## Directions
Of the lines in the data below, write out exactly those from the one holding "Cartões com os" through the one holding "La final San", both included.

## Record excerpts
Content starts
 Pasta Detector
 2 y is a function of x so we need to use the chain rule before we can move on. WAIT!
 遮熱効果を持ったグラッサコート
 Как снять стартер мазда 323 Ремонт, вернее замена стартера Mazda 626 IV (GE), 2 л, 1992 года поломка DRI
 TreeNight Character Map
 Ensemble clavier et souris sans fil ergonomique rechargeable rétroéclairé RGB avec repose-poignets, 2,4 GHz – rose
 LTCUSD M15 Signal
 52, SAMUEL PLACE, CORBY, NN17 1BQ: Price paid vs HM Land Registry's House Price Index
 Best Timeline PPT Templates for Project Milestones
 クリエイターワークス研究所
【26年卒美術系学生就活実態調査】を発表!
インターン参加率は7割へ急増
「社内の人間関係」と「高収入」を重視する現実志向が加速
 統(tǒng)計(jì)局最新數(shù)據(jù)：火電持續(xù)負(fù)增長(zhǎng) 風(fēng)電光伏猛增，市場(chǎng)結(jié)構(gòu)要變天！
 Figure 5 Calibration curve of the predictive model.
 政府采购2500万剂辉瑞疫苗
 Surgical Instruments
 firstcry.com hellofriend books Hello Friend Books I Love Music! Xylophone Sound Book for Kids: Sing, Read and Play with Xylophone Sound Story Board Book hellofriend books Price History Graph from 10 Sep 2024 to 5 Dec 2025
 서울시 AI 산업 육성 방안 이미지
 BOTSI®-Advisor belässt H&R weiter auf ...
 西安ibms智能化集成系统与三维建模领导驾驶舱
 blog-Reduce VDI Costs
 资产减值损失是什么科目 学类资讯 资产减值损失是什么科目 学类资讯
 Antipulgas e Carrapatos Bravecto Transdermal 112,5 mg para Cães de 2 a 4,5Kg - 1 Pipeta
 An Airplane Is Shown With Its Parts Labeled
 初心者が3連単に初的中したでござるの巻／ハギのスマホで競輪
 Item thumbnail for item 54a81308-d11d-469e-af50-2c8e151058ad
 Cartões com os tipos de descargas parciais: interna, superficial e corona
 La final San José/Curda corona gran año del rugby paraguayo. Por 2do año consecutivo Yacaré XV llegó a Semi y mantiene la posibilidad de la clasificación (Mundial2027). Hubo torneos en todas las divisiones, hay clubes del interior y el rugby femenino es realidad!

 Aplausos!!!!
Content ends
## Answer space
 Cartões com os tipos de descargas parciais: interna, superficial e corona
 La final San José/Curda corona gran año del rugby paraguayo. Por 2do año consecutivo Yacaré XV llegó a Semi y mantiene la posibilidad de la clasificación (Mundial2027). Hubo torneos en todas las divisiones, hay clubes del interior y el rugby femenino es realidad!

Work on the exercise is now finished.